2. Decide How Many Components to Keep

Use the explained variance ratio from PCA.

Plot a scree plot (cumulative variance explained vs. number of components).

Keep enough components to capture 90–95% of the variance (common in biomedical research).

Alternatively, use cross-validation performance (pick the number of components that yields the best classification accuracy without overfitting).

3. Use KNN for Classification Post-Dimensionality Reduction

After dimensionality reduction, train a K-Nearest Neighbors (KNN) classifier.

Why KNN works better after PCA:

KNN relies on distance metrics → high dimensions distort distances.

PCA reduces dimensions → distances become more meaningful.

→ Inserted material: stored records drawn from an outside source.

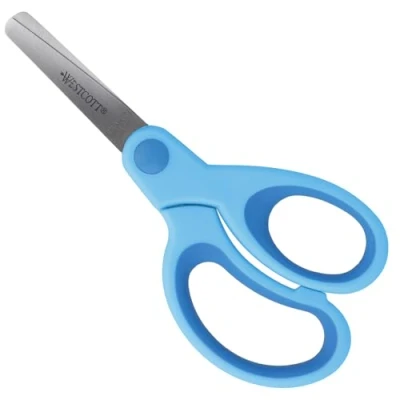 Afbeelding van Schaar Westcott Kids 13cm soft grip ronde punt blauw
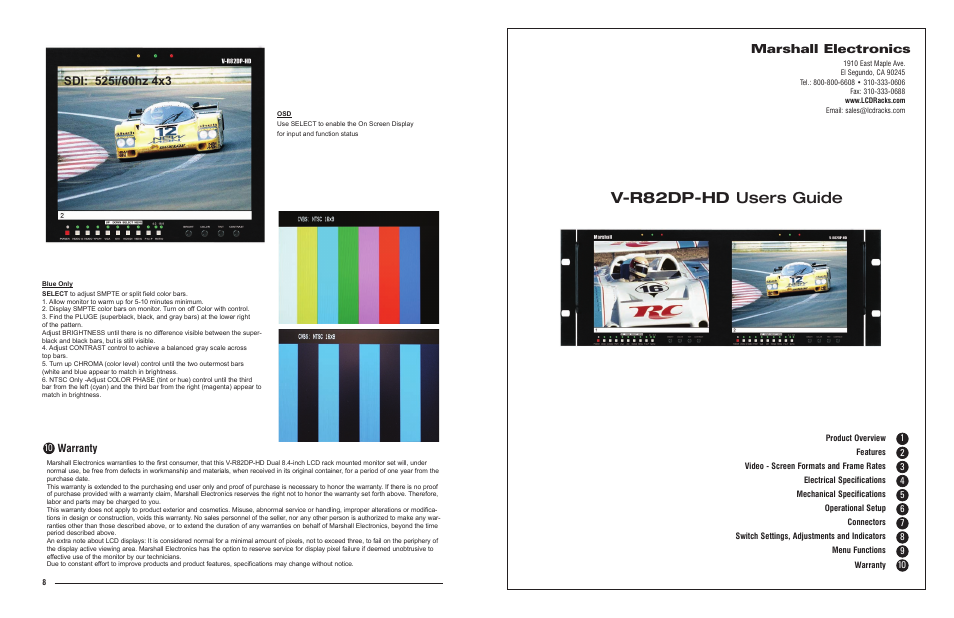 Marshall electronic V-R82DP-HD User Manual | 4 pages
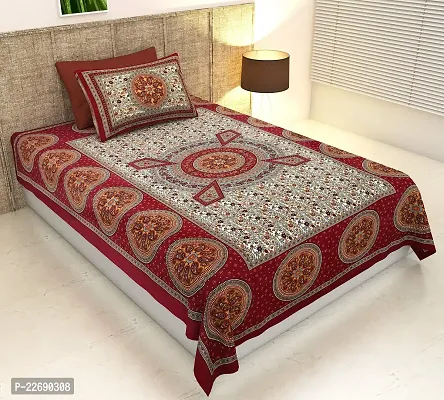 Serene D?cor Jaipuri Bedsheet, Cotton Single Bedsheet with 1 Pillow Covers (63 x 90 inches) (Red)-thumb0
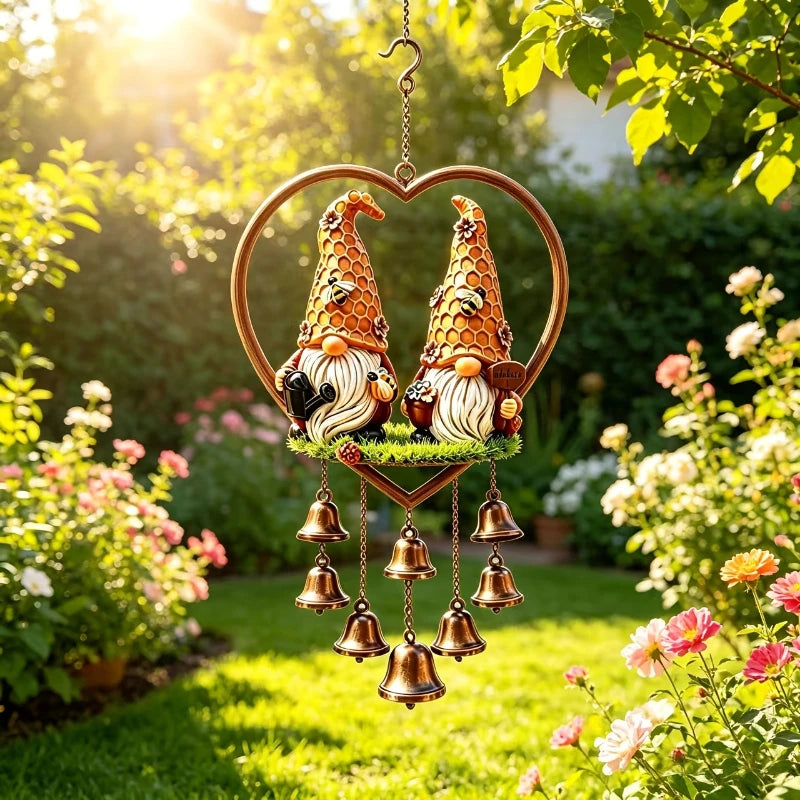 décoration extérieure carillon éolien bronze vert noir figurines lutins cloches décoratives rustique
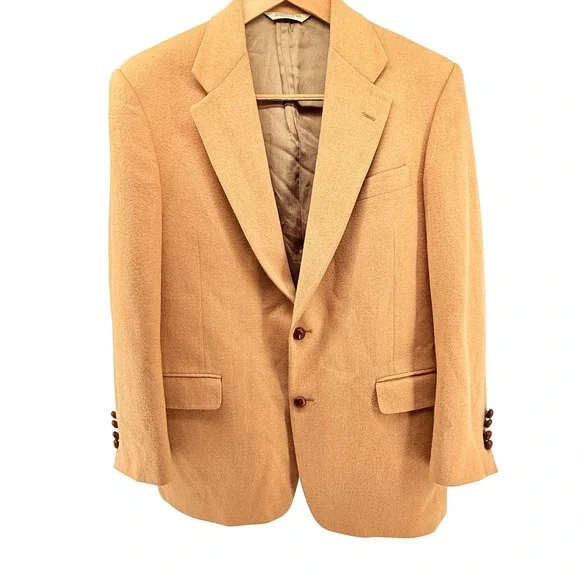 Evan-Picone Mens Camel‎ Tan Wool Blend Blazer Sport Coat Hecht's Made in USA 44R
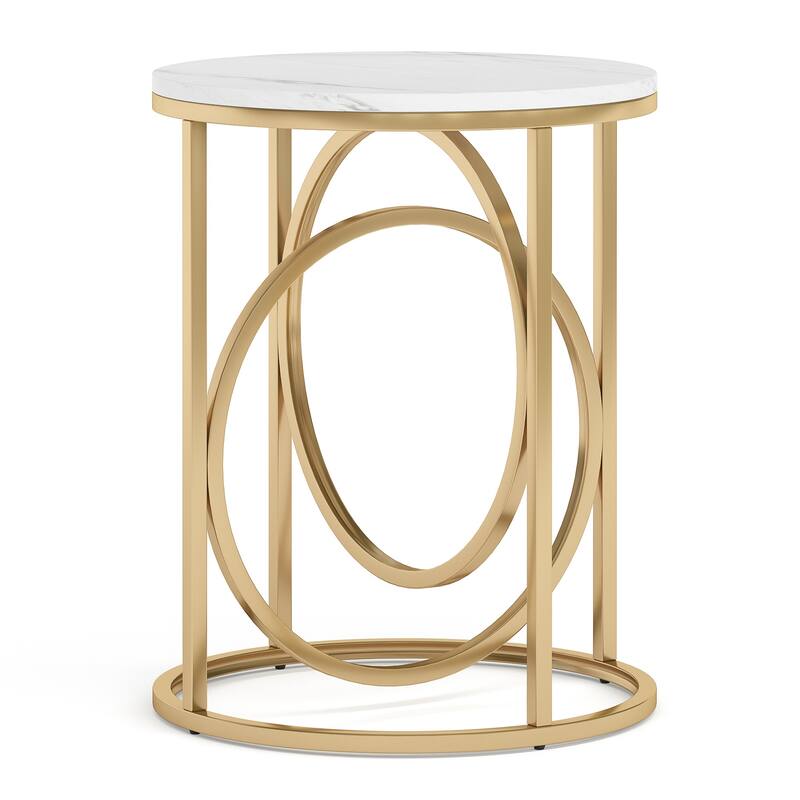 20"Round End Table for Living Room, Modern Marble Side Table with Gold Metal Frame, 26-Inch Tall Narrow Nightstand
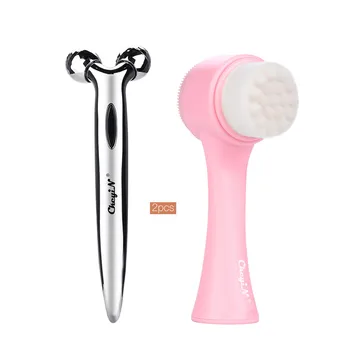 

CkeyiN 2pcs/pack 3D Face-lifting Massager Anti-wrinkle Face Beauty Tool Manual Double-sided Cleansing Massage Brush Anti-aging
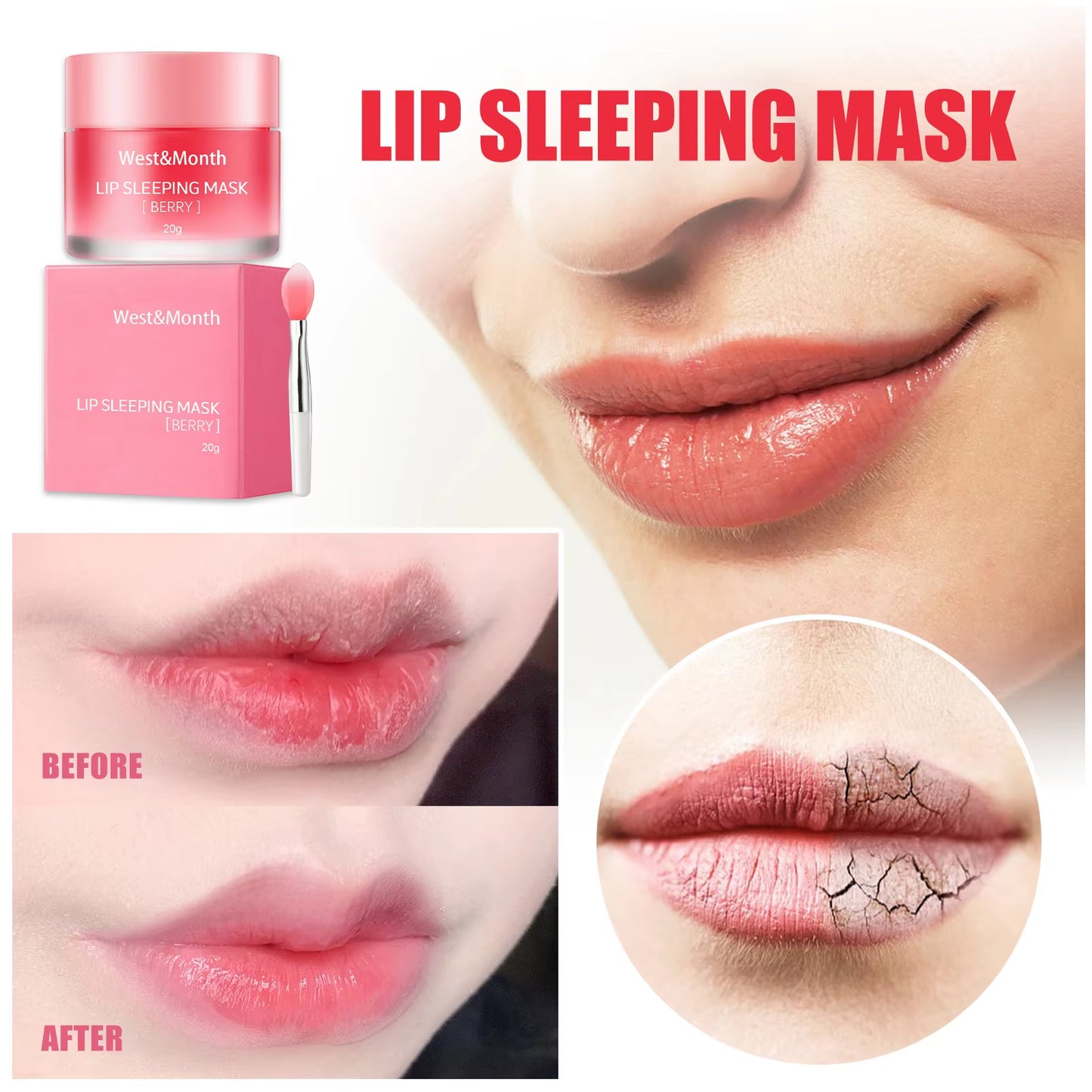 Berry Lip Sleeping Mask – Overnight Moisturising & Lip Line Care (20g)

Choose k (number of neighbors) using GridSearchCV with cross-validation.

Try different distance metrics (Euclidean, Manhattan).

4. Evaluate the Model

Split data into train/test (or use cross-validation if data is small).

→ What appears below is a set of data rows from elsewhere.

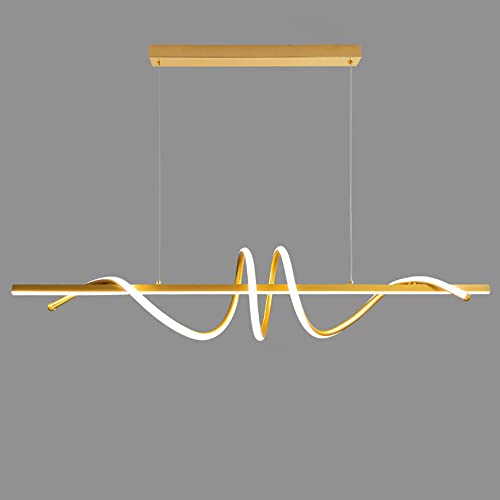 Chandelier de salle à manger minimaliste LED 50W design italien courbe alu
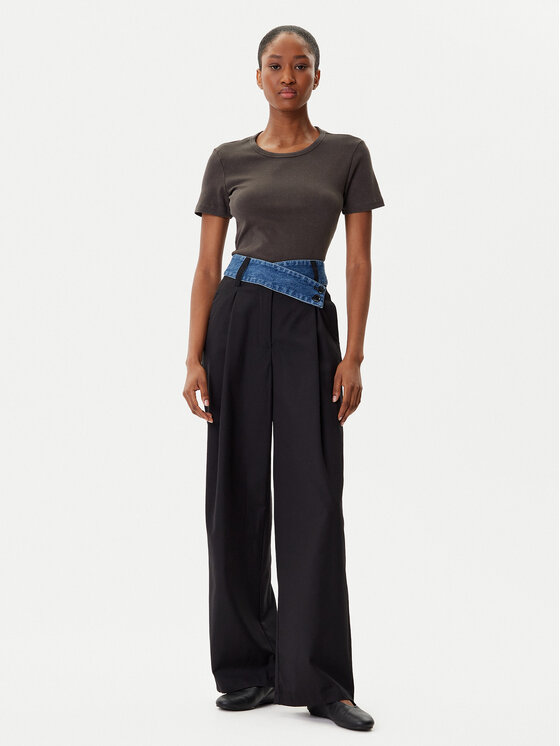 Desigual Desigual Παντελόνι υφασμάτινο Denimwaist 25WWPW03 Μαύρο Wide Leg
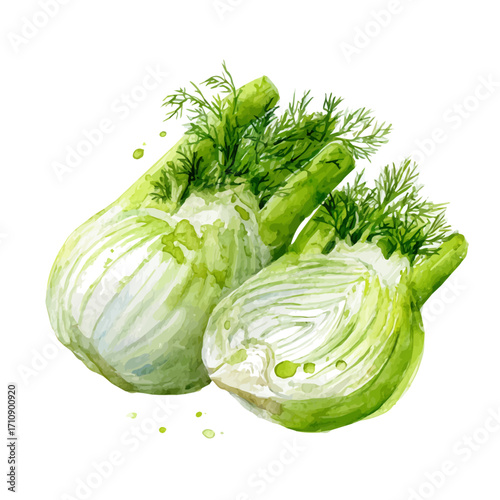 Fennel Salad, watercolor painting, vector illustration, isolated on a white background.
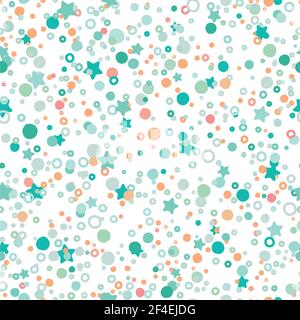 Seamless abstract pattern with shabby spots, bubbles and stars of different pastel blue and green colors. Magic kaleidoscope background. Decorative wa Stock Vector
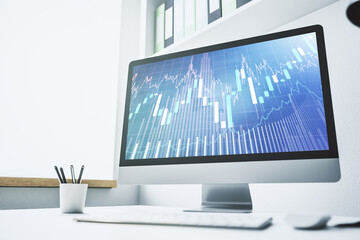 Poster - Modern computer display with abstract financial graph, financial and trading concept. 3D Rendering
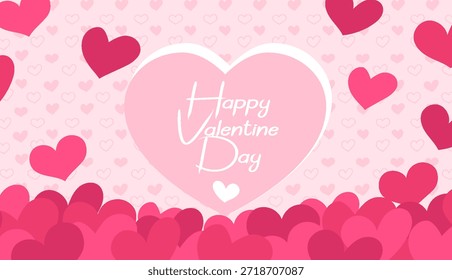 Valentinstag, Muster der Herzen von Händen in rosa Farben gezeichnet.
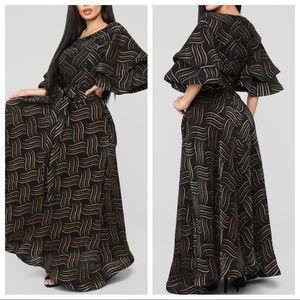 Black and Gold Maxi Dress - Large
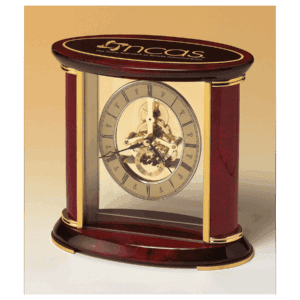 7" x 9" Skeleton Clock w/Sub-Second Dial, Brass Finish Movement, Rosewood Piano Accents, Plate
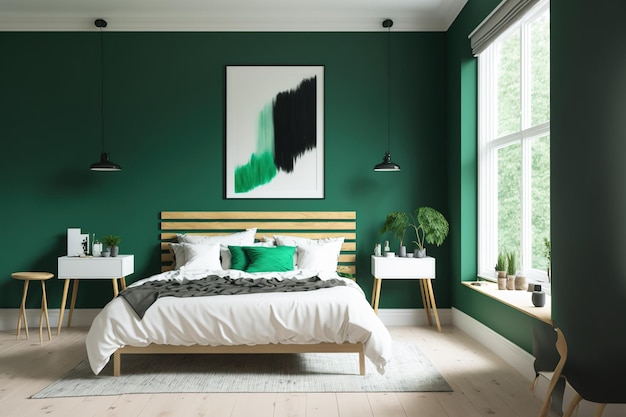 Background of a house in a modern design with a comfortable green bedroom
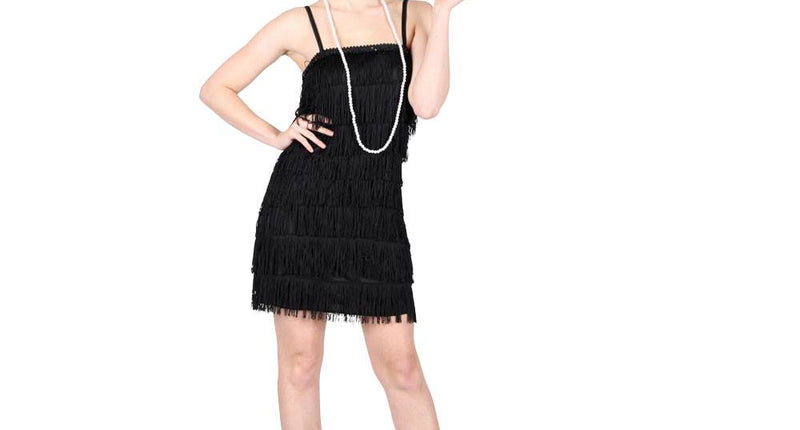 Wicked Costumes Sexy Showtime Flapper jurkje in zwart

Use metrics relevant for biomedical data:

Accuracy (overall correctness).

Precision/Recall/F1-score (important if one cancer type is rare).

ROC-AUC (robust for imbalanced classes).

Perform stratified cross-validation to ensure all cancer types are represented in each fold.

Possibly use nested cross-validation (tuning hyperparameters inside CV) to avoid optimistic bias.

5. Justify this Pipeline to Stakeholders

Interpretability: PCA compresses thousands of genes into fewer components, making the model easier to understand.

Robustness: Reduces noise and prevents overfitting, which is critical given small sample sizes.

Generalization: Model trained on PCA-transformed data is more likely to perform well on new patient cohorts.

Scalability: This pipeline can adapt when new genes or patients are added.

Biomedical validity: PCA often groups genes into biologically meaningful patterns (e.g., co-expressed gene clusters), which can provide insights beyond classification.